Exercise instructions: Give back every line of the data, transcribed exactly.

[Crawled caption data]
== Segment start ==

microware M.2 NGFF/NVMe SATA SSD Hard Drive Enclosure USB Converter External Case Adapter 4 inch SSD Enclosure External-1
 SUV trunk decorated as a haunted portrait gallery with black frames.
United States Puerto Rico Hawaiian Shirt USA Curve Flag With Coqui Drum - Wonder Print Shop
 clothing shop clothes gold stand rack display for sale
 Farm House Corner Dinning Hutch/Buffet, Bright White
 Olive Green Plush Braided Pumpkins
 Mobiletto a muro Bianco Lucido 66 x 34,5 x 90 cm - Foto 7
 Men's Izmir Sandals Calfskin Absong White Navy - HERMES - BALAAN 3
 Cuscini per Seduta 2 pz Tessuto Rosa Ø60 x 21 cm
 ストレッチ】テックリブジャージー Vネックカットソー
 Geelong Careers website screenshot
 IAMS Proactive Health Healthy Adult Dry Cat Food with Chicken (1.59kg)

== Segment end ==

Task solution:
microware M.2 NGFF/NVMe SATA SSD Hard Drive Enclosure USB Converter External Case Adapter 4 inch SSD Enclosure External-1
 SUV trunk decorated as a haunted portrait gallery with black frames.
United States Puerto Rico Hawaiian Shirt USA Curve Flag With Coqui Drum - Wonder Print Shop
 clothing shop clothes gold stand rack display for sale
 Farm House Corner Dinning Hutch/Buffet, Bright White
 Olive Green Plush Braided Pumpkins
 Mobiletto a muro Bianco Lucido 66 x 34,5 x 90 cm - Foto 7
 Men's Izmir Sandals Calfskin Absong White Navy - HERMES - BALAAN 3
 Cuscini per Seduta 2 pz Tessuto Rosa Ø60 x 21 cm
 ストレッチ】テックリブジャージー Vネックカットソー
 Geelong Careers website screenshot
 IAMS Proactive Health Healthy Adult Dry Cat Food with Chicken (1.59kg)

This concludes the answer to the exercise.